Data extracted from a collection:
*** Block opens ***

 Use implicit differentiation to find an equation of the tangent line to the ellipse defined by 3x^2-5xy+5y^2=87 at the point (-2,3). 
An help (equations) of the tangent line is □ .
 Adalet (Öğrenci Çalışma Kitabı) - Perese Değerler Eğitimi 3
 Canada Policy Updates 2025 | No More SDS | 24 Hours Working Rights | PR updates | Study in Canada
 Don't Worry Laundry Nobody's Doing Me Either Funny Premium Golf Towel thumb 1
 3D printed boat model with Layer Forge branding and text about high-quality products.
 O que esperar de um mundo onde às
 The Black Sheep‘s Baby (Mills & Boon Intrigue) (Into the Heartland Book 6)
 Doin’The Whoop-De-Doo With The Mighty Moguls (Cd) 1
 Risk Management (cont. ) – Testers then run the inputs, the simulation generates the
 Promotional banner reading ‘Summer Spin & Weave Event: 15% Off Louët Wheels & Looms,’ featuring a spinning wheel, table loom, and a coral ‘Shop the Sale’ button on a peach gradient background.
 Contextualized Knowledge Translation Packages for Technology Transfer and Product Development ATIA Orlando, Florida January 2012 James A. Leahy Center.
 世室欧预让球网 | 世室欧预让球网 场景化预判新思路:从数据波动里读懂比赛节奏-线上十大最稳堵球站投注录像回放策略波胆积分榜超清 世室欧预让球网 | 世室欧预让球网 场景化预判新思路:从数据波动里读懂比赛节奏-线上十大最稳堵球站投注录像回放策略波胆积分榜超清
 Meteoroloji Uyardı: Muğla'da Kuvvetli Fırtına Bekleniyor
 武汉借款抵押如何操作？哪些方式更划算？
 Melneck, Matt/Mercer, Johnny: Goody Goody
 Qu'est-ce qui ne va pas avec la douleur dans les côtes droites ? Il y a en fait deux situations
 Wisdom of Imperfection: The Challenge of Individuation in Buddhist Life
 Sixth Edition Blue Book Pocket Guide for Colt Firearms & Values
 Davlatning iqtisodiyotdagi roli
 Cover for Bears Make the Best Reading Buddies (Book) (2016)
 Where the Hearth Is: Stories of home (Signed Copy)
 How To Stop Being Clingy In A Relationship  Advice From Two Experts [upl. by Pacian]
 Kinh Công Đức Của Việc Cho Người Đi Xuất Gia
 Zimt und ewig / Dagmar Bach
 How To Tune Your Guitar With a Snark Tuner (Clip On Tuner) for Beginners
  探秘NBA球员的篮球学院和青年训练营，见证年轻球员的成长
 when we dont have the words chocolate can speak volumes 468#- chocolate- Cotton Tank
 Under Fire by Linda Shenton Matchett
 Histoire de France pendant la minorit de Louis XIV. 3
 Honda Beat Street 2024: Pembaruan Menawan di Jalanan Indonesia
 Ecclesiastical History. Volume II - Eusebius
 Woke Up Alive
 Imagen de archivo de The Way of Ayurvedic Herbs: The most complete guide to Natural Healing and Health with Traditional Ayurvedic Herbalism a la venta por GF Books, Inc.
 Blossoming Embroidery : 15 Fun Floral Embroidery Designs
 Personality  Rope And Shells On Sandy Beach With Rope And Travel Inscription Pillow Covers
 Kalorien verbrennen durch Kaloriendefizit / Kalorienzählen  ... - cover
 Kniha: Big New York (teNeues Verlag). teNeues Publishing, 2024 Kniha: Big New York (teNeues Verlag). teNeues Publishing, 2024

*** Block closes ***

### About this exercise
Once you find the line with "Under Fire by Linda Shenton Matchett" in the entries above, output it and each line after it up to and including the line with "Woke Up Alive", and nothing else.

### Result of this exercise
 Under Fire by Linda Shenton Matchett
 Histoire de France pendant la minorit de Louis XIV. 3
 Honda Beat Street 2024: Pembaruan Menawan di Jalanan Indonesia
 Ecclesiastical History. Volume II - Eusebius
 Woke Up Alive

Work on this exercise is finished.